Dal Vangelo secondo Luca (Lc 3,10-18)
In quel tempo, le folle interrogavano Giovanni, dicendo: «Che cosa dobbiamo fare?». Rispondeva loro: «Chi ha due tuniche, ne dia a chi non ne ha, e chi ha da mangiare, faccia altrettanto».
Vennero anche dei pubblicani a farsi battezzare e gli chiesero: «Maestro, che cosa dobbiamo fare?». Ed egli disse loro: «Non esigete nulla di più di quanto vi è stato fissato».
Lo interrogavano anche alcuni soldati: «E noi, che cosa dobbiamo fare?». Rispose loro: «Non maltrattate e non estorcete niente a nessuno; accontentatevi delle vostre paghe».
Poiché il popolo era in attesa e tutti, riguardo a Giovanni, si domandavano in cuor loro se non fosse lui il Cristo, Giovanni rispose a tutti dicendo: «Io vi battezzo con acqua; ma viene colui che è più forte di me, a cui non sono degno di slegare i lacci dei sandali. Egli vi battezzerà in Spirito Santo e fuoco.

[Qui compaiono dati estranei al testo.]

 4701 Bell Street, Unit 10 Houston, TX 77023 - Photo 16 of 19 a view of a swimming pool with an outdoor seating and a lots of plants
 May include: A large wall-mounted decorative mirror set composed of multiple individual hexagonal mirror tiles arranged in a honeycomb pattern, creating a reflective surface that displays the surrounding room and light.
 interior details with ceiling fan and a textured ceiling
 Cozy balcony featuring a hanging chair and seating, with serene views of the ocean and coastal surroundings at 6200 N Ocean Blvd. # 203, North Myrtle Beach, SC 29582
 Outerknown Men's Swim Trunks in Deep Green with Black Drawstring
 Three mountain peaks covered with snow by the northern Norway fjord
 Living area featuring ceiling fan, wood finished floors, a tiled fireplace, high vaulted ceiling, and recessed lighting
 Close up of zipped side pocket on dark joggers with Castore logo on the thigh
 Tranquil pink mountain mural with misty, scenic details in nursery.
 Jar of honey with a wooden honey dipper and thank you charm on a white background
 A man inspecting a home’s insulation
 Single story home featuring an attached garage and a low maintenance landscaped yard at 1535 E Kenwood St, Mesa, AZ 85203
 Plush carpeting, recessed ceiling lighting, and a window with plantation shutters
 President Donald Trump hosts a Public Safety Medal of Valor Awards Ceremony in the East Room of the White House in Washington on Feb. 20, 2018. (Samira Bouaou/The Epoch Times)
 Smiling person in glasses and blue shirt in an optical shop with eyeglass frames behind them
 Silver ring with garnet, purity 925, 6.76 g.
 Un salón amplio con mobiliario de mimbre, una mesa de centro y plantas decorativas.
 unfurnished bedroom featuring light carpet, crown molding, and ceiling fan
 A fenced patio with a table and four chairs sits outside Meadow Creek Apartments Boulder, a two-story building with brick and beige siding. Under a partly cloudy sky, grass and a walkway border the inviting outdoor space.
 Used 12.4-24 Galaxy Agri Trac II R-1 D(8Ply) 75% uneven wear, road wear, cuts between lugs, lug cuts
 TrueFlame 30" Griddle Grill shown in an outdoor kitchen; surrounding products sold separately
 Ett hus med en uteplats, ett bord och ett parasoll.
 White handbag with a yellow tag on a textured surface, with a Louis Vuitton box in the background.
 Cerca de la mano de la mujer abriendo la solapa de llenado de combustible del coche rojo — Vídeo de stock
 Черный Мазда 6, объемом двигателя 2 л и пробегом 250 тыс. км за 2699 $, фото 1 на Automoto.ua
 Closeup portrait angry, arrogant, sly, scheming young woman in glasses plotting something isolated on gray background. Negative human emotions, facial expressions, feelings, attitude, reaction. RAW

Tiene in mano la pala per pulire la sua aia e per raccogliere il frumento nel suo granaio; ma brucerà la paglia con un fuoco inestinguibile».
Con molte altre esortazioni Giovanni evangelizzava il popolo.
Un impegno di giustizia
A cura di don Claudio Visconti, collaboratore Acli Bergamo
Giustizia è dare a ciascuno il suo. Né di più né di meno (Mt 20,1 – 16).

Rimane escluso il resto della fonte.